The pictures, mostly engravings, but with here and there a painting, were strewn about.  Ashton-Kirk carefully gathered them up and spread them upon the table.  They were by various hands, but unquestionably represented the same person—­a handsome, resolute looking man in the uniform of an officer in the army of Washington.

“General Anthony Wayne,” said Ashton-Kirk, softly.

There was something in the tone that made Pendleton look at him swiftly.  The splendid head was bent over the portraits; eagerness blazed in the dark eyes; the keen face was rigid with interest.

“Some drunken freak, do you think?” asked Pendleton, more to hear his friend’s view than anything else.

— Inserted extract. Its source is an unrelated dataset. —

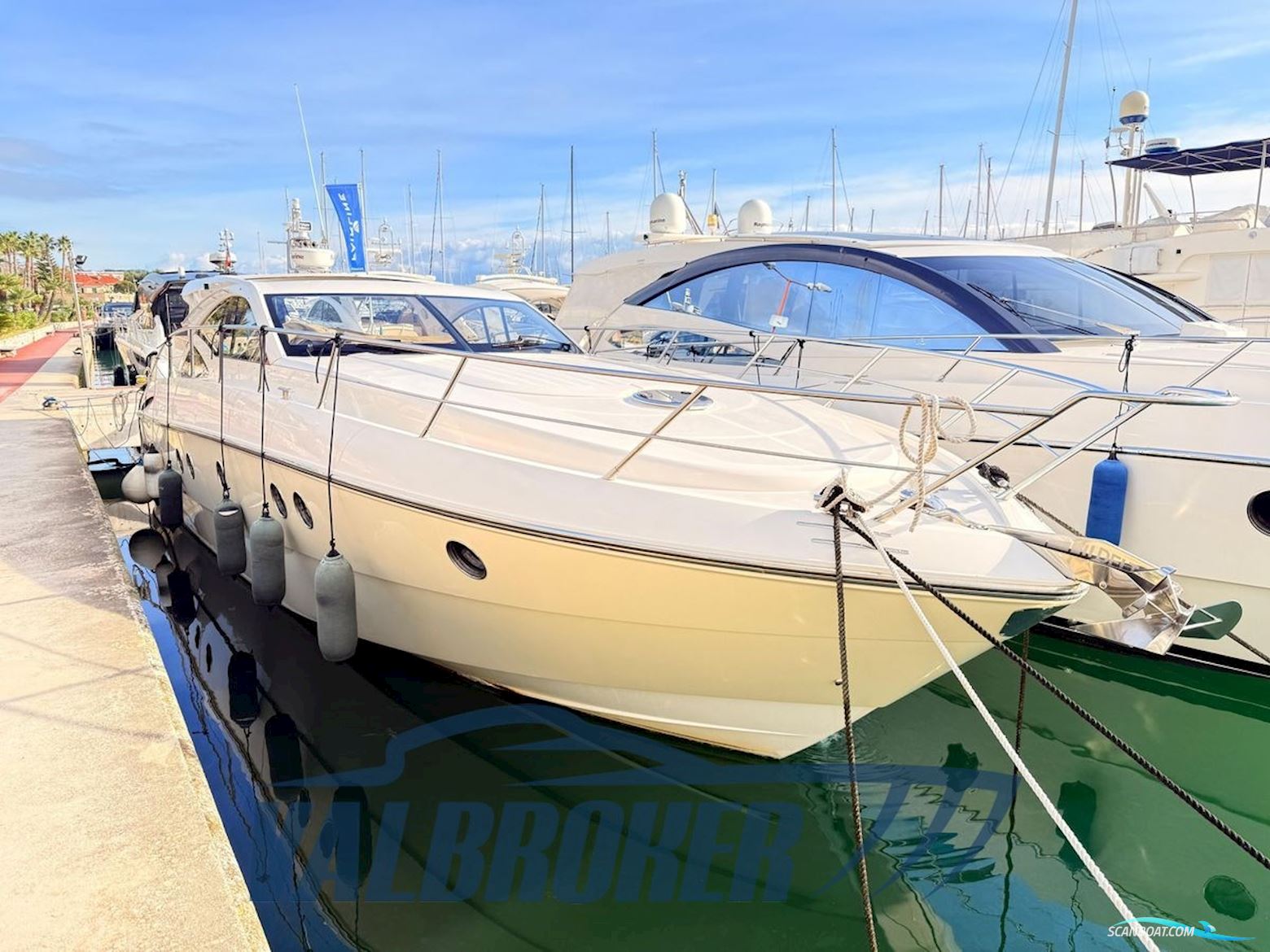 Windy Boats 44 Chinook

But Ashton-Kirk shook his head.

“On the contrary, the thing seems full of a vague meaning,” said he.  “There were seventeen pictures upon the walls of this room; fourteen have been torn down and destroyed; the other three are undisturbed.”

Pendleton gazed at the pictures that remained upon the walls.  Two were of fine looking houses of the colonial type; the third was the portrait of a man—­a man of repulsive, sneering face, heavy with evil lines and with unusually small eyes.

“If they had destroyed that one it would have had some meaning to me,” commented Pendleton.  “But, as it is, I hardly think I follow you.”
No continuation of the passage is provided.